Which lines in the data below contain the word "Premium"? Copy each of them.

-=-=-=-=-

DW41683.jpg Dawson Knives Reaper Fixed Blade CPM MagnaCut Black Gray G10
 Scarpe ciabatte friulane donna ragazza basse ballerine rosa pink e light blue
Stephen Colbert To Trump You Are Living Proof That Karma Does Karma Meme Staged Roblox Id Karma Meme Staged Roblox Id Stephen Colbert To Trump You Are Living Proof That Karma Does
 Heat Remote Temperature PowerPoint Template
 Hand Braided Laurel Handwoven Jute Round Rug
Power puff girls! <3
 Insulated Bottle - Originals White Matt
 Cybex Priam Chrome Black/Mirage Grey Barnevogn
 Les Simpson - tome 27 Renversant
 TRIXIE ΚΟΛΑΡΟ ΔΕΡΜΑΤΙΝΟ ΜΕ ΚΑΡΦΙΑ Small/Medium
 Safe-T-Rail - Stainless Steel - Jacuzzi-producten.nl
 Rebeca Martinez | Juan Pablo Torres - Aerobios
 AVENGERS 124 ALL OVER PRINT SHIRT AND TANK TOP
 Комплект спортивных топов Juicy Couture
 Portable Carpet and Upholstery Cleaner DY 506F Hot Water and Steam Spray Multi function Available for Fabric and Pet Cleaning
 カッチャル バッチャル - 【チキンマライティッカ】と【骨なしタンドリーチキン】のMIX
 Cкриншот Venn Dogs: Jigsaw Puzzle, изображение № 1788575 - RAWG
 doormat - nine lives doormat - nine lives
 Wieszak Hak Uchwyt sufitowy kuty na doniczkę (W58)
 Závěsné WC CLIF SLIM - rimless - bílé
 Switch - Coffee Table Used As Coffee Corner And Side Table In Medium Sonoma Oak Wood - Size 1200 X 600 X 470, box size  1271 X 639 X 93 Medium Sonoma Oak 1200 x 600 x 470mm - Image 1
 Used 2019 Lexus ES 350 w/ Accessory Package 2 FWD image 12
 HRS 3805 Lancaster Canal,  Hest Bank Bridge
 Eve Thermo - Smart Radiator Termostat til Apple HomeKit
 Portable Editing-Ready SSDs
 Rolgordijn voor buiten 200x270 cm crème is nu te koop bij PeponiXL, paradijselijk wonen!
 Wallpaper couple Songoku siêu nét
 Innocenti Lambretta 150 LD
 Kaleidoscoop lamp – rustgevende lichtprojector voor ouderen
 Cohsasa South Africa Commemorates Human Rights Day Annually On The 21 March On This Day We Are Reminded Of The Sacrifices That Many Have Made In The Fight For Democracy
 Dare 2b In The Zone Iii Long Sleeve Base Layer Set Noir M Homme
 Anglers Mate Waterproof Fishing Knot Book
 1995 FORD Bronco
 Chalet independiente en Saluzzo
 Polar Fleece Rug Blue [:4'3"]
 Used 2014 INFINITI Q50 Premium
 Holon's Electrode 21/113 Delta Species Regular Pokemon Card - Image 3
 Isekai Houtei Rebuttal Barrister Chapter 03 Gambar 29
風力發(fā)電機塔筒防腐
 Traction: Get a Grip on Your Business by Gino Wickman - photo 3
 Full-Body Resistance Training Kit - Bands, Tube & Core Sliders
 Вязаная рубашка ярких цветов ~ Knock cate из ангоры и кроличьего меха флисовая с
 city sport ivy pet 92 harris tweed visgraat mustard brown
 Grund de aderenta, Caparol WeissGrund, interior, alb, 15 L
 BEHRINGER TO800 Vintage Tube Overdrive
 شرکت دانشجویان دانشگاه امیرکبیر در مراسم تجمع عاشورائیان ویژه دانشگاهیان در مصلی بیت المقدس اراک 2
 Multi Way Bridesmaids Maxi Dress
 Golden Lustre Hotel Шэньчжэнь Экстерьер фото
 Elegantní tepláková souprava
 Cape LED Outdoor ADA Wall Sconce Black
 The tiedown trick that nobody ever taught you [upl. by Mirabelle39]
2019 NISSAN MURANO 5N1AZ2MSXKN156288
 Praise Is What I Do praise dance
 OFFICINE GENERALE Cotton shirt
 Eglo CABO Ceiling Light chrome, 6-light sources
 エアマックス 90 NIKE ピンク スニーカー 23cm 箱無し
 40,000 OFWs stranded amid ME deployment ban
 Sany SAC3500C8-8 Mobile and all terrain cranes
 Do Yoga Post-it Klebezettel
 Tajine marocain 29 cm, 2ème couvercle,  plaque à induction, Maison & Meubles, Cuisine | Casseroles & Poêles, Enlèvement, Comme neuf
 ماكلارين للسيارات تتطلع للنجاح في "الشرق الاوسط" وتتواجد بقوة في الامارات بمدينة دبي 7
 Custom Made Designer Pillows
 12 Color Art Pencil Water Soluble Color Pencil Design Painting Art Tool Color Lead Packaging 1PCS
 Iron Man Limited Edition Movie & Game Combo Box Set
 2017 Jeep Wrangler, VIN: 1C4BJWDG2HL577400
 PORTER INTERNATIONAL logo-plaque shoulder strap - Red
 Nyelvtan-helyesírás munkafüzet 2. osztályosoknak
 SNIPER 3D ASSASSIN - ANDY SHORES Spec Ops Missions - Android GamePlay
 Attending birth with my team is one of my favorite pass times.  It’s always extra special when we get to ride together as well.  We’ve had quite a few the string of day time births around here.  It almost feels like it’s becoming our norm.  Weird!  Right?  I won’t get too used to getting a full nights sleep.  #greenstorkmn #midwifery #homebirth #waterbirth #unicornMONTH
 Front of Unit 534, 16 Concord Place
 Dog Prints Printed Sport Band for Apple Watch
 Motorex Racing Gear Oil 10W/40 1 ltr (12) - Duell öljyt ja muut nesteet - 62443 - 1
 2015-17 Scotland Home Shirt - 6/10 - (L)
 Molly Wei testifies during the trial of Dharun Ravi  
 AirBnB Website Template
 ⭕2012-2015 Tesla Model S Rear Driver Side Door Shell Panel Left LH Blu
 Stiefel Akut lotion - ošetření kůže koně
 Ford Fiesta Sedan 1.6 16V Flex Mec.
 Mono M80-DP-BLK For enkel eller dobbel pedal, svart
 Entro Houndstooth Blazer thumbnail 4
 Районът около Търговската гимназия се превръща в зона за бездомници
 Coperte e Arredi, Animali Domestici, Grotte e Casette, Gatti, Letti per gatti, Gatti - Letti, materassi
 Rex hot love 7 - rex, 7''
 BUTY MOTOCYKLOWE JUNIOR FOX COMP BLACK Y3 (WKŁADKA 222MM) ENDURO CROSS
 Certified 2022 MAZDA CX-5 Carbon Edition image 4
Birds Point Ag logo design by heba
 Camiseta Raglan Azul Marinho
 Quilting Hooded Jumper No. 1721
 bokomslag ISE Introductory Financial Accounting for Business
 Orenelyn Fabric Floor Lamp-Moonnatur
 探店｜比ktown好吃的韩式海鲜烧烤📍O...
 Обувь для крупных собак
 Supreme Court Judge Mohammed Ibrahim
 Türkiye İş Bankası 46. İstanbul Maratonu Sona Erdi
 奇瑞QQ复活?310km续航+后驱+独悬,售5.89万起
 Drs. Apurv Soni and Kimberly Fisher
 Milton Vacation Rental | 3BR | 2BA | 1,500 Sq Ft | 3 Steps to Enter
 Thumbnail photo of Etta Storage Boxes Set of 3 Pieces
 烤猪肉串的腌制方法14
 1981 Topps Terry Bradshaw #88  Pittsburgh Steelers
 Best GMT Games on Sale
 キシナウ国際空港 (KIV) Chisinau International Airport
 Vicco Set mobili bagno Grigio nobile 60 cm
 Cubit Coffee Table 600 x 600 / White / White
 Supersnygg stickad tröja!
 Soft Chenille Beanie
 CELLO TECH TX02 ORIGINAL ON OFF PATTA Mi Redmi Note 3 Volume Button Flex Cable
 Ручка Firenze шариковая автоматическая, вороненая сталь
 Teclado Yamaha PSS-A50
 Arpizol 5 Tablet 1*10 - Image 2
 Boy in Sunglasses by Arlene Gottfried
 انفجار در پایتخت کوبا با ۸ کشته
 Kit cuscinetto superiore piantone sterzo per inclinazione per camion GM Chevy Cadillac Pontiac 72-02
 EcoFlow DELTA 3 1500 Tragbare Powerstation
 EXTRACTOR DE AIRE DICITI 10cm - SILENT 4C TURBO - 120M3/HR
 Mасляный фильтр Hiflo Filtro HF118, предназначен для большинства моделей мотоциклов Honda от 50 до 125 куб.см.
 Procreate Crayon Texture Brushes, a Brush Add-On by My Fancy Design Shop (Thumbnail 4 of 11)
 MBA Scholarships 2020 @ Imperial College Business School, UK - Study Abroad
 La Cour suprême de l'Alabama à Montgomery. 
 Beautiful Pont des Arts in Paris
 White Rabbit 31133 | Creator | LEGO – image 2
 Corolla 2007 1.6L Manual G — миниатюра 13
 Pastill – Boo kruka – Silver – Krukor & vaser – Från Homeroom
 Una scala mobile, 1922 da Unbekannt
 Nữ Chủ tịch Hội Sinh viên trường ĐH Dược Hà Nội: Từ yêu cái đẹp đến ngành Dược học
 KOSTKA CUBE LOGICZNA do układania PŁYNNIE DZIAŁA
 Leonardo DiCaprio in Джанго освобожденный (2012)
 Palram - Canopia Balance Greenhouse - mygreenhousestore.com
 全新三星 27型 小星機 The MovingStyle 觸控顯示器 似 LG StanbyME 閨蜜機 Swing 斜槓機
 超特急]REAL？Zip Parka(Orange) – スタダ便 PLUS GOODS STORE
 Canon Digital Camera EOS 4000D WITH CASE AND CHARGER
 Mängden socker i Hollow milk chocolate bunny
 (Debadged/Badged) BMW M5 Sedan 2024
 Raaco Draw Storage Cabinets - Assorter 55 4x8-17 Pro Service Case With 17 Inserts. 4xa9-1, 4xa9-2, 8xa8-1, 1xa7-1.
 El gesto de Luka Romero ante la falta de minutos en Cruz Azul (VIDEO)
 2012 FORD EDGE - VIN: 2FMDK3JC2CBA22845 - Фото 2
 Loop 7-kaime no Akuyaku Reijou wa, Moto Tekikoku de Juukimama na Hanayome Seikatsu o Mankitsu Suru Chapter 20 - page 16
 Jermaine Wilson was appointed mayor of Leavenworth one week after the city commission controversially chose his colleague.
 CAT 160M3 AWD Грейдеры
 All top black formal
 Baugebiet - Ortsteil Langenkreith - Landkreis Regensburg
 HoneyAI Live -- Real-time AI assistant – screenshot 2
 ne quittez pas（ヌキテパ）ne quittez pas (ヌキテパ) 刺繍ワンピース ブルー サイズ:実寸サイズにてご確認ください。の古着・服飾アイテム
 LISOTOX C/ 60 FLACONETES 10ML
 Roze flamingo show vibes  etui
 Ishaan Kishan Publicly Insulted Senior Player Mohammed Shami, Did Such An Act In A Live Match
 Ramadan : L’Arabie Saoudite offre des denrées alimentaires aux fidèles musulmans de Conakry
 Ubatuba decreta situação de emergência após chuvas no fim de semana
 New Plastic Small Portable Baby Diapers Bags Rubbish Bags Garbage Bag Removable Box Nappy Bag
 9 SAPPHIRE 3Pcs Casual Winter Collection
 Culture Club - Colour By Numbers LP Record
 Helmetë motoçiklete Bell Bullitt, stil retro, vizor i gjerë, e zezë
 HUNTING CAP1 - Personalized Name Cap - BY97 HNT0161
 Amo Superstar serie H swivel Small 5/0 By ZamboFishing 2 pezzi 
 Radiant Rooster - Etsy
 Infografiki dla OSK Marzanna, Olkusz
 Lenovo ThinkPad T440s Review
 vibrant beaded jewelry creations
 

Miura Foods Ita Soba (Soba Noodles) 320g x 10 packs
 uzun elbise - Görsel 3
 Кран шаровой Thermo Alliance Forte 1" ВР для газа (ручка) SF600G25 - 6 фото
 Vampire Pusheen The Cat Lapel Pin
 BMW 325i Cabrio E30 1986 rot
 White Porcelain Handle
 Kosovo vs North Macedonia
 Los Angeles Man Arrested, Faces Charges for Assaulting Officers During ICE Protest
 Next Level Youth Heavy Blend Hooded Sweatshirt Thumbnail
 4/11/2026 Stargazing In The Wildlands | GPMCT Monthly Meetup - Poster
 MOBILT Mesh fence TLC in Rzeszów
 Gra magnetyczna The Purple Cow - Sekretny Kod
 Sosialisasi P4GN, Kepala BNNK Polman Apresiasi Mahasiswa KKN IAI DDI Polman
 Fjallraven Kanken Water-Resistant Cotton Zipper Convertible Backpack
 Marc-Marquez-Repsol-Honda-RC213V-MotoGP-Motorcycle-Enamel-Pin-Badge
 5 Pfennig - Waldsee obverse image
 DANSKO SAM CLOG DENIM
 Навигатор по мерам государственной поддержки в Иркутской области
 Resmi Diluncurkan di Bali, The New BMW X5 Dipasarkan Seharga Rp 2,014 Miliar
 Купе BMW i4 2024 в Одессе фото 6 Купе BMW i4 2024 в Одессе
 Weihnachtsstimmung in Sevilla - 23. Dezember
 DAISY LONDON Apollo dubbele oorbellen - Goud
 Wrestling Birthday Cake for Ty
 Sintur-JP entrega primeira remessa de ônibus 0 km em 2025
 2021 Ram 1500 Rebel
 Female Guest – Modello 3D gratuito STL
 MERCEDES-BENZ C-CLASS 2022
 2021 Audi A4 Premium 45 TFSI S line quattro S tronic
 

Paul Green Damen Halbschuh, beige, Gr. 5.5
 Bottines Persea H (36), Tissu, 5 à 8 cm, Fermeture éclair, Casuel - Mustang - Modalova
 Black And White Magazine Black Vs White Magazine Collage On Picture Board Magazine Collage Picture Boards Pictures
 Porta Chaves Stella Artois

-=-=-=-=-

SOLVED PROBLEM
 Used 2014 INFINITI Q50 Premium
 2021 Audi A4 Premium 45 TFSI S line quattro S tronic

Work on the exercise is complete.